Reproduce the lines below from the one that contains "қўлга олинди'ning rasmi" through the end, inclusive, and add nothing.

[Records from a data collection]
• • • • • • •

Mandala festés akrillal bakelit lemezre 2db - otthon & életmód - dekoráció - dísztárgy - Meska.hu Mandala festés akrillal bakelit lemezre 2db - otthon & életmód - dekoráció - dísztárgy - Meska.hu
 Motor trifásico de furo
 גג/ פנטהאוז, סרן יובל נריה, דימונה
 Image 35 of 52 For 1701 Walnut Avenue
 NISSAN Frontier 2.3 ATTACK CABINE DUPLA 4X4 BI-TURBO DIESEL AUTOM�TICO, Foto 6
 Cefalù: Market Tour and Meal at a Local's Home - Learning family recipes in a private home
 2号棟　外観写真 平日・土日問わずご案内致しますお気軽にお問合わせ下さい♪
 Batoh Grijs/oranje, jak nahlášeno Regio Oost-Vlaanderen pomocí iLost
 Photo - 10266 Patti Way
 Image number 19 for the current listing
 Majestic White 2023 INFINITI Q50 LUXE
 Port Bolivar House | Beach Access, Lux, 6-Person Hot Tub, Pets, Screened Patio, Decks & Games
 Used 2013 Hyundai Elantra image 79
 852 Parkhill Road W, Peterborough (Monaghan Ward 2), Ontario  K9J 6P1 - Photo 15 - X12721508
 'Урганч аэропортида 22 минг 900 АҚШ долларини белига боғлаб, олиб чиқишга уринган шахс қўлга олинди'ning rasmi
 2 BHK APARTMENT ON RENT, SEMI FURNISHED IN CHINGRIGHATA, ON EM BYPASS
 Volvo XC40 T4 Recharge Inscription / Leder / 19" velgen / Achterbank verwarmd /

• • • • • • •

*EXERCISE SOLUTION*
 'Урганч аэропортида 22 минг 900 АҚШ долларини белига боғлаб, олиб чиқишга уринган шахс қўлга олинди'ning rasmi
 2 BHK APARTMENT ON RENT, SEMI FURNISHED IN CHINGRIGHATA, ON EM BYPASS
 Volvo XC40 T4 Recharge Inscription / Leder / 19" velgen / Achterbank verwarmd /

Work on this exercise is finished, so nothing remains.